Part of it is location. I'm concerned about having significant components of our program in less than ideal space, and too far removed from centers of activity. I think we're going to have tremendous flowering of the program as a result of the new Clinical Center and Bldg. 50, but there are still outlying groups that worry me. The campus up in Bayview (Baltimore) is going to become more self-sufficient; as we bring the three components that are up there together, they'll have a nucleus of activity. I am worried that we do have pieces, and sometimes almost all of certain other programs not well organized. One of the most promising things that I've strongly supported and have helped to get under way is the concept of having a Neuroscience Center on campus, with some new and renovated buildings in the Bldg. 35-36 complex that will help to bridge some of the chasms that currently exist between some of the institutes, even though they do very similar things.

The FY 2000 budget mentions a need for increased security on the Bethesda campus. Can you say why that's important?

I haven't found this to be an enormous problem. This campus is reasonably safe, but there are people who are worried that it is not optimally safe.

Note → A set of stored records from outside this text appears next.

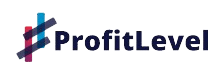 ProfitLevel logo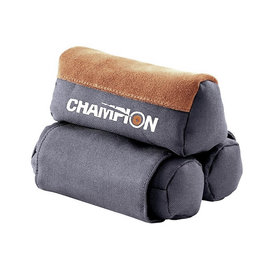 Champion Monkey Precision Shooting Bag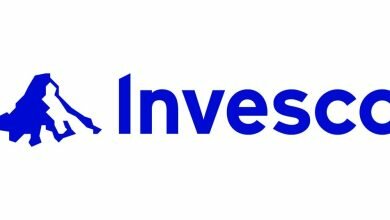 1649709306 Invesco Ltd Announces March 31 2022 Assets Under Management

I have always been less than enthused about the idea of putting chain fences around the campus. I do think we can improve card access to buildings, ensure that loading docks are really locked at the end of the day. I think the campus has responded quite well to the idea of wearing identity cards...One of the things that we simply cannot prevent entirely are events that occur between angry people. We've been pretty lucky so far. I think that the changes that would result from chainlinking our campus and requiring metal detectors at every entry point just don't have the payoff — they change the atmosphere very dramatically.

Is that what someone is actually proposing — something that dramatic?

The idea of having a fence around the campus has been proposed many times in the past. There's lots of interest in that. And there are many federal institutions that do look that way. I think they isolate themselves quite quickly, and the atmosphere on campus is changed dramatically. It doesn't feel like an academic institution. We're not in the center of a high-crime district here — we ought to remember that. We're in a reasonably safe neighborhood, we don't put chain links around stores and post creates an air of secrecy and will actually create other kinds of problems for us if we're perceived as being a high-security institution that's doing secret work and excluding the public.